Could please let us know in which environment you are facing an issue. Also i can see that you are using CUDA 12.3. could you please try by using CUDA 12.2. Thank You.
RHEL 9, Python 3.9, cudnn 12.9, and just upgraded CUDA to 12.4. Oddly, I have 2 GPU nodes that work just fine. The fix was to set CUDNN_PATH and include CUDNN_PATH/lib to $LD_LIBRARY_PATH. This one node has the same packages, but clearly there is some difference that I can’t find:
python3 -c "import tensorflow as tf; print(tf.config.list_physical_devices('GPU'))"
2024-02-26 14:35:16.580905: I tensorflow/core/util/port.cc:113] oneDNN custom operations are on. You may see slightly different numerical results due to floating-point round-off errors from different computation orders. To turn them off, set the environment variable `TF_ENABLE_ONEDNN_OPTS=0`.
2024-02-26 14:35:16.581143: I external/local_tsl/tsl/cuda/cudart_stub.cc:32] Could not find cuda drivers on your machine, GPU will not be used.
2024-02-26 14:35:16.584441: I external/local_tsl/tsl/cuda/cudart_stub.cc:32] Could not find cuda drivers on your machine, GPU will not be used.
2024-02-26 14:35:16.625948: I tensorflow/core/platform/cpu_feature_guard.cc:210] This TensorFlow binary is optimized to use available CPU instructions in performance-critical operations.
To enable the following instructions: AVX2 AVX512F AVX512_VNNI AVX512_BF16 AVX512_FP16 AVX_VNNI AMX_TILE AMX_INT8 AMX_BF16 FMA, in other operations, rebuild TensorFlow with the appropriate compiler flags.

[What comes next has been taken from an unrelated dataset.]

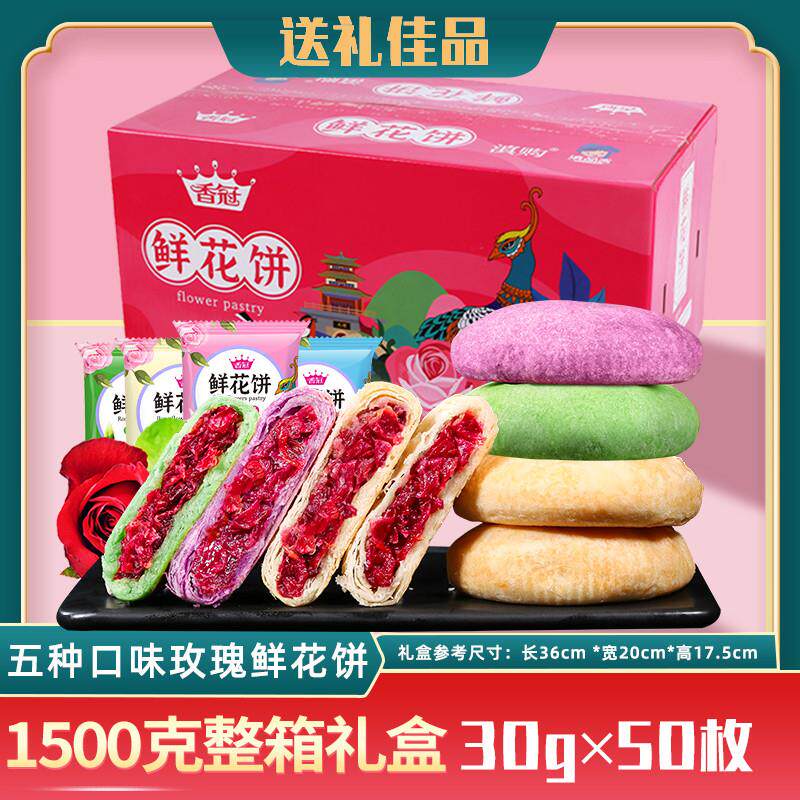 新货香冠鲜花饼云南特产玫瑰花饼糕点零食小吃休闲食品早餐整箱批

2024-02-26 14:35:17.760304: W tensorflow/core/common_runtime/gpu/gpu_device.cc:2251] Cannot dlopen some GPU libraries. Please make sure the missing libraries mentioned above are installed properly if you would like to use GPU. Follow the guide at https://www.tensorflow.org/install/gpu for how to download and setup the required libraries for your platform.

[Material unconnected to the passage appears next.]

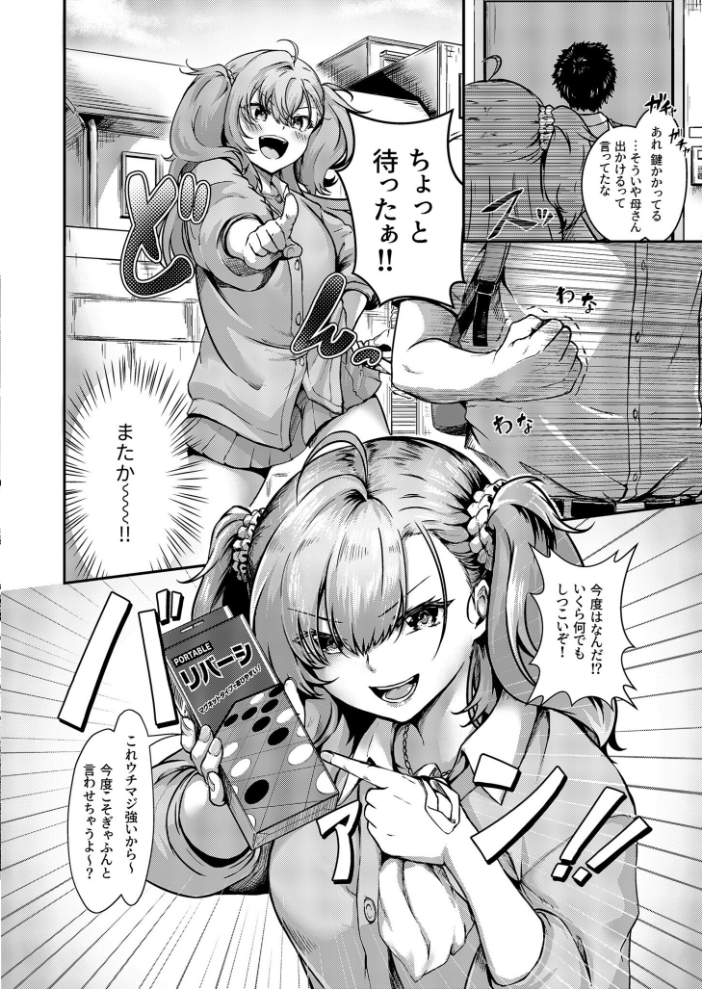 エロ漫画:COMIC SPLINE(3) -ALLイチャらぶパック!!-【18禁】 【草葉える 豚キムチ SWZW みそおでん ナスムスビム 煎餅 にょたヨフ 芦名めろう くまっこ 森乃こあら 軍艦あまえび 即丸 九條シマ】 サンプル画像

Skipping registering GPU devices...
[]
Notice that the log:
Could not find cuda drivers on your machine, GPU will not be used.

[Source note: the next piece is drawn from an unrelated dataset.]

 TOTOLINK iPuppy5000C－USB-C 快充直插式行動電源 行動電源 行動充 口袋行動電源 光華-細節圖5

is repeated twice. That indicates 2 devices, and indeed, there are2 GPU’s, there has to be an env variable I am missing.
Hi @RtheK, As per test build configuration Tensorflow 2.16.1 supports CuDnn 8.9 and CUDA 12.3 but you are trying with CUDA 12.4 which is incompatible with 2.16. Could you please try with CUDA 12.3. Thank You.